World War II airfield in Tuvalu

Nanumea Airfield was a World War II airfield on the island of Nanumea in the Ellice Islands (now known as Tuvalu).

==History==
===World War II===
Nanumea Airfield was built by United States Navy Seabees during the Pacific War as an alternative strip to Nukufetau and Funafuti airfields, in order to allow for further dispersal of aircraft in the Ellice Islands (now Tuvalu).

On 5 September 1943, elements of the 16th Naval Construction Battalion arrived on Nanumea and on 11 September, they started work on a 7000 ft by 200 ft bomber landing strip.

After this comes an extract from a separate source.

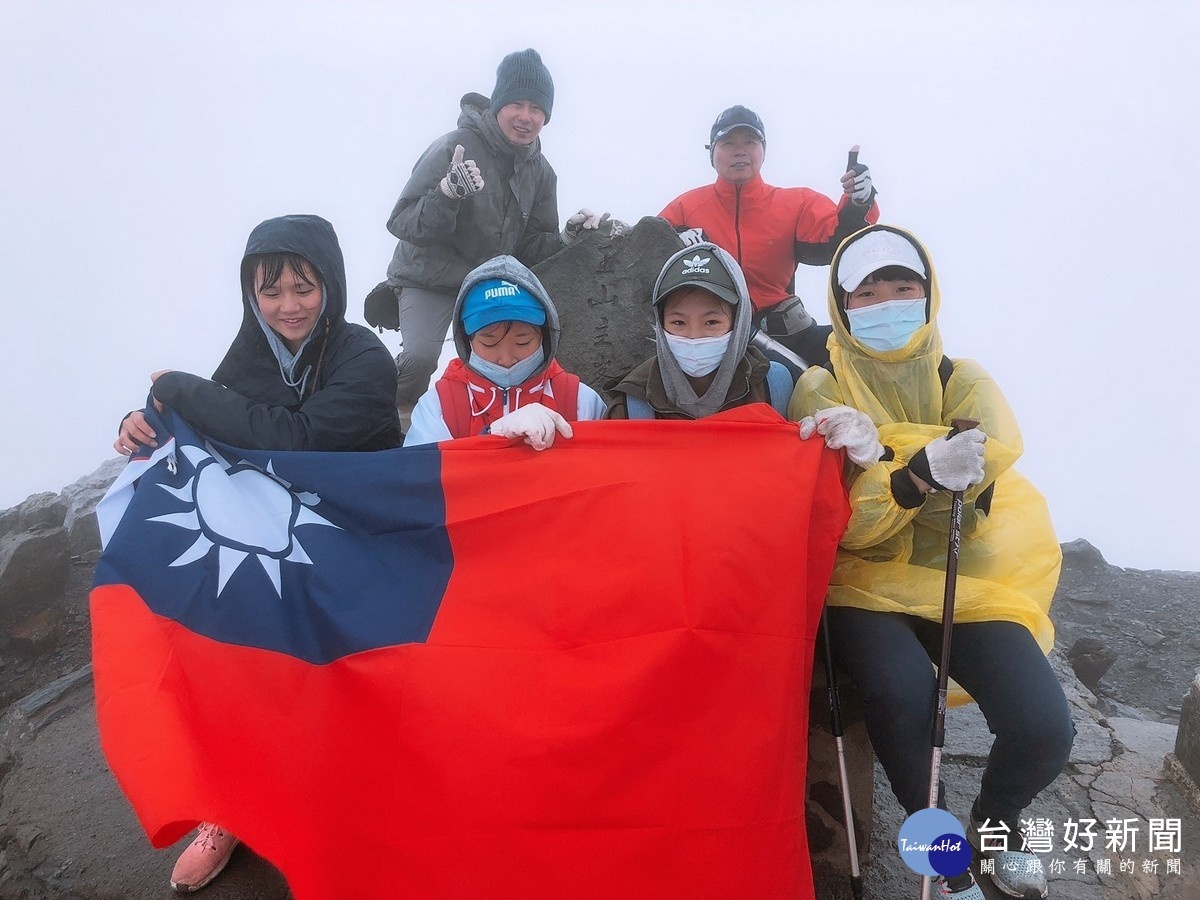 水商學生陸續於玉山主峰合影。〈照片/水里商工提供〉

On 7 September 1943, ten Betty bombers of the 755th Kōkūtai from Tarawa Atoll dropped 20 bombs on Nanumea.

On September 19, F4F-4s of VMF-441 landed on the strip and continued to use the runway for the remainder of the construction period. The first bombers landed on November 12. The Seabees also built a camp and operation facilities for the airfield, including an 8,000-barrel tank farm for aviation gasoline.

United States Army Air Forces (USAAF) units based at Nanumea included:
- 30th Bombardment Group headquarters from 11 November 1943 – 4 January 1944;
- 27th Bombardment Squadron operating B-24s from 10 November 1943 – 26 February 1944;
- 28th Bombardment Squadron operating B-24s from 12 November 1943 – 13 March 1944;
- 45th Fighter Squadron operating P-40Ns from 28 November 1943 – 4 January 1944.

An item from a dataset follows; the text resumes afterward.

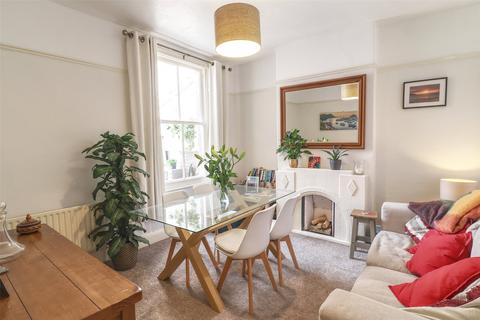 15 Broad Park Crescent, Ilfracombe, EX34 8DX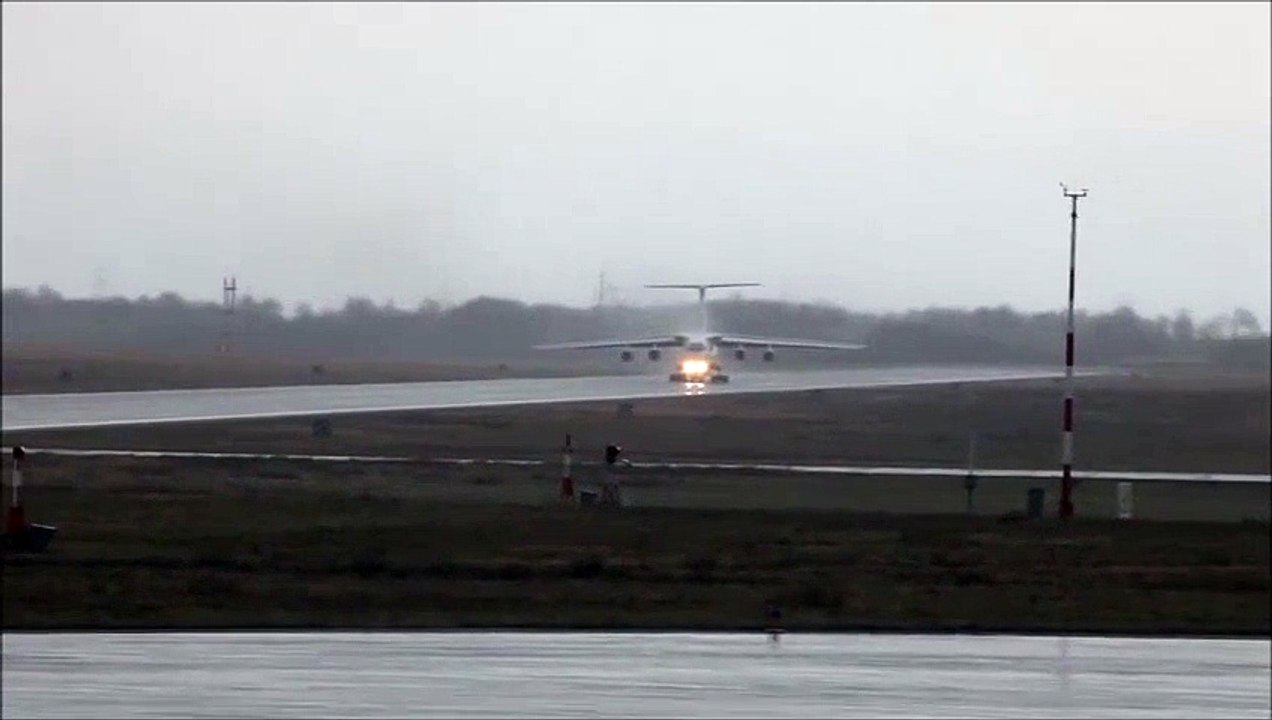 Ilyushin IL-76 strong Crosswind landing. Unbelieveable Russian Pilot skills ! (Watch in HD!) Big Planes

United States Marine Corps (USMC) units based at Nanumea included:
- Marine Fighting Squadron 441 (VMF-441), flying the F4F Wildcat, operated from Nanumea from September to December 1943.
- Marine Attack Squadron 331 (VMA-331) flew Douglas SBD Dauntless dive bombers from Nanumea, starting on 15 November 1943.
- 7th Defense Battalion - Battalion arrived on September 4, 1943.

By September 1944, base roll-up and salvage operations had commenced and were completed by the end of March 1945.
Wreckage of the aircraft remained on the island.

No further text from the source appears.